A lot can happen between now and 2020 of course to mak ethis entire discussion moot."

AFAIK, ActionScript is a superset of JavaScript, and it was executed inside its own VM, after being translated into bytecode.

While JavaScript is today the main language of web dev, can we imagine to have both on the client side, the JS language for mainstream web dev, and a standard VM (with its standards bytecodes) for defining alternative languages for web dev ?

Different needs put pressure on the shoulders of JS (due to it's current limits, and it's slow evolution). But as people wants other languages on the client-side *now*, and in other to offer equal treatment for all these alternatives, I don't see a better solution than introducing a standard (byte-code) VM that would be another *standard *way to support scripting inside web pages, in parallel with JavaScript. Such a VM would be a way to avoid language war as each party would be able to concentrate on its own language, after accepting such a standard VM as platform. On the contrary, today, without such a platform base, we have unproductive language wars.

Dominique De Vito said...

@Gilad Bracha

Let's add something (to my previous comment) to be clear enough.

There would be still language wars, in both cases, with, or without, a (standard) bytecode VM within browsers.
But, such a (standard) bytecode VM is mainly THE solution I see, to put some efforts in common, and to let it accepted within all browsers: as such a VM is mostly language-neutral, very few language/browser implementors/developers might consider it as a no-go.

The other solution I see is waiting for (slow) JavaScript solution, and until then, trying to overcome/bypass current situation's drawbacks with various tools, like emscripten, Dart VM, other JavaScript++, etc. Well, we have had already Google Gears before HTML 5 rise...

Gilad Bracha said...

I don't know if a standard VM helps. It might help certain languages, whose model fits the VM. But there are always others whose model does not. The key is having the right primitives. Certainly it might be easier to do that with a fresh start, but VM experts will tell you that its best to tailor the machine to a given language, and there is no such thing as a universal VM.

Then there is the small matter of agreeing on the standard.

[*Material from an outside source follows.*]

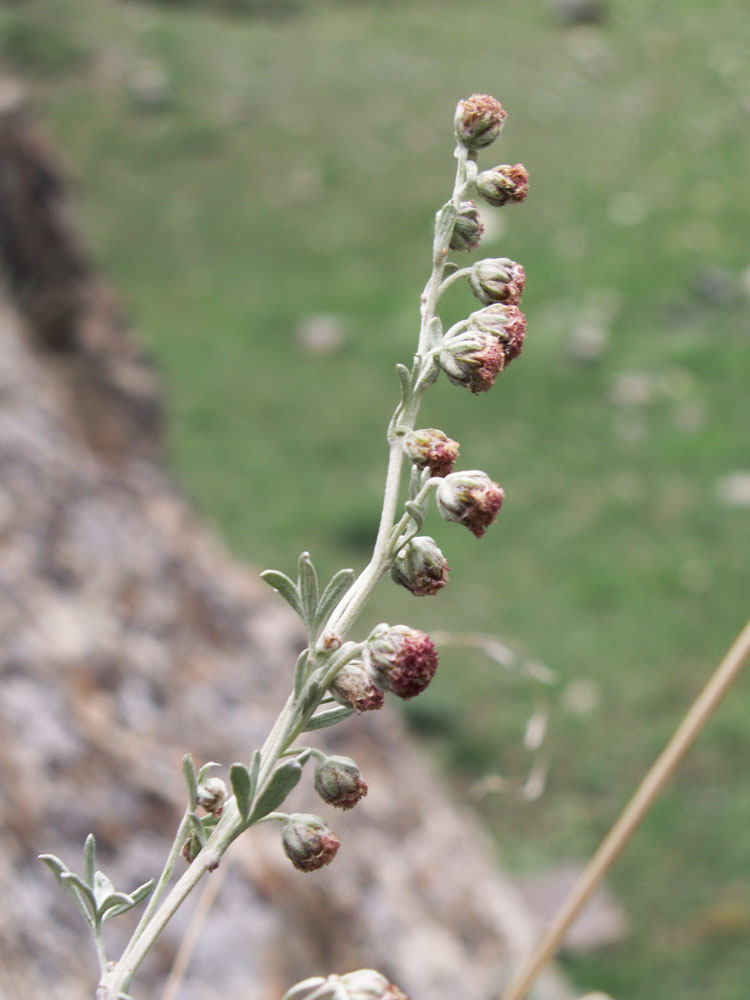 Image of Artemisia rutifolia specimen.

It will take some years as well.

So, 1 year and half after the initial discussion, I still don't see it happening. However, the trend for new languages for the web is of course more and more evident.

Dominique De Vito said...

"So, 1 year and half after the initial discussion, I still don't see it happening. However, the trend for new languages for the web is of course more and more evident."

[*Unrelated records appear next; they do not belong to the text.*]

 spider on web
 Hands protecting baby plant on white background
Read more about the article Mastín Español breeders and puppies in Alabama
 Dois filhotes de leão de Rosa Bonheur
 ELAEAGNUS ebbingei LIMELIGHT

Sure, standard VM for JS does not take off.

But at the opposite, from my window, it just looks like every company, or community, is making +/- its own ActionScript clone (that is, JS + class-based OOP + optional typing or type inference...). So, we have different JavaScript++ :
- ActionScript
- Dart
- TypeScript
- Opa
- Haxe
- etc.
versus JavaScript (as JS is still evolving).

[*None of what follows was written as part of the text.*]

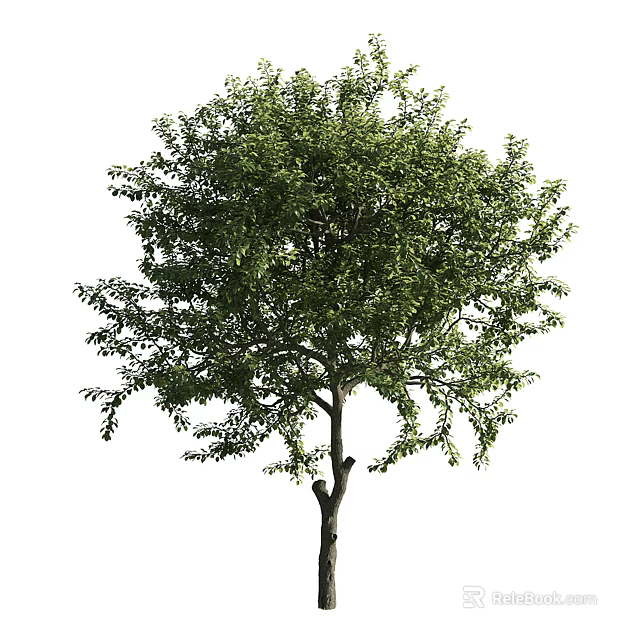 Lush Green Arbor With Thick Trunk And Dense Foliage In Outdoor Space 3d model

With all these initiatives, I am wondering how much it's going to affect mainstream dev, or to say things a bit differently, how much the multiplicity of such initiatives is going to affect going mainstream.

But, of course, among all these initiatives, the Google's one has better chances to succeed ;-) due to Google nature.

NB: as a side-effect, a successful JavaScript++ may kill PHP as:
- JavaScript++ : JS + class-based OOP + optional typing or type inference
- PHP : class-based OOP + no typing at all (~ some sort of untyped Java, with closures)
Both (JS++ and PHP) stand somewhat between JS and Java. So, I am just innerly wondering how much space there is between JS and Java for multiple languages, and for multiple successful languages too.